MIT gives the example of company data showing sales promotions and weekly profits. When predicting which promotion it would be profitable to repeat it would normally fall to human analyst to decide which data it would be most useful to look at.
To test the Data Science Machine’s intuition, the team from MIT entered it in three data science competitions, the KDD cup 2014, IJCAI, and the KDD cup 2015. In these challenges the machine competed against human teams to find predictive patterns in unfamiliar datasets.
Of the 906 teams participating in the contests, the Data Science Machine finished ahead of 615. In two of the three challenges, the predictions made by the machine were 94 percent and 96 percent as accurate as the winning submissions. In the third competition this figure was 87 percent.
Where the machine decisively beat human competitors was in how rapidly it completed its work. While it typically took teams of people months to devise prediction algorithms, the Data Science Machine took between two and 12 hours to produce each of its entries.
“We view the Data Science Machine as a natural complement to human intelligence,” says Max Kanter, whose MIT master’s thesis in computer science is the basis of the Data Science Machine. “There’s so much data out there to be analyzed. And right now it’s just sitting there not doing anything. So maybe we can come up with a solution that will at least get us started on it, at least get us moving.”
How it works
The workings of the machine are based on what MIT’s Computer Science and Artificial Intelligence Laboratory (CSAIL) has learned from applying machine-learning techniques to practical problems in big-data analysis.
“What we observed from our experience solving a number of data science problems for industry is that one of the very critical steps is called feature engineering,” said Kanter’s thesis advisor, Kalyan Veeramachaneni, a research scientist at CSAIL. “The first thing you have to do is identify what variables to extract from the database or compose, and for that, you have to come up with a lot of ideas.”
The Data Science Machine first correlates data, for example linking data stored in different database tables via common numerical identifiers, such as product item numbers.

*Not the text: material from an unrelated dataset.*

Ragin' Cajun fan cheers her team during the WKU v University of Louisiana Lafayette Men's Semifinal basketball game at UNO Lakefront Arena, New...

The machine can then generate potential data features that may be useful for making a prediction about those items, such as total cost per order, average cost per order, minimum cost per order, and so on.
The machine also looks for categorical data, that which is restricted to a limited range of values, such as days of the week or brand names. It then generates further data features by dividing up existing features across categories.
After generating these possible features of the data that might prove useful in making predictions it then begins to whittle them down, by identifying features whose values appear to be correlated. It then begins testing this reduced set of features on sample data, combining them in different ways to optimise the accuracy of predictions they yield.
Margo Seltzer, a professor of computer science at Harvard University who was not involved in the work predicts that the group’s findings will have a wider impact on the field of data science.
“I think what they’ve done is going to become the standard quickly – very quickly.”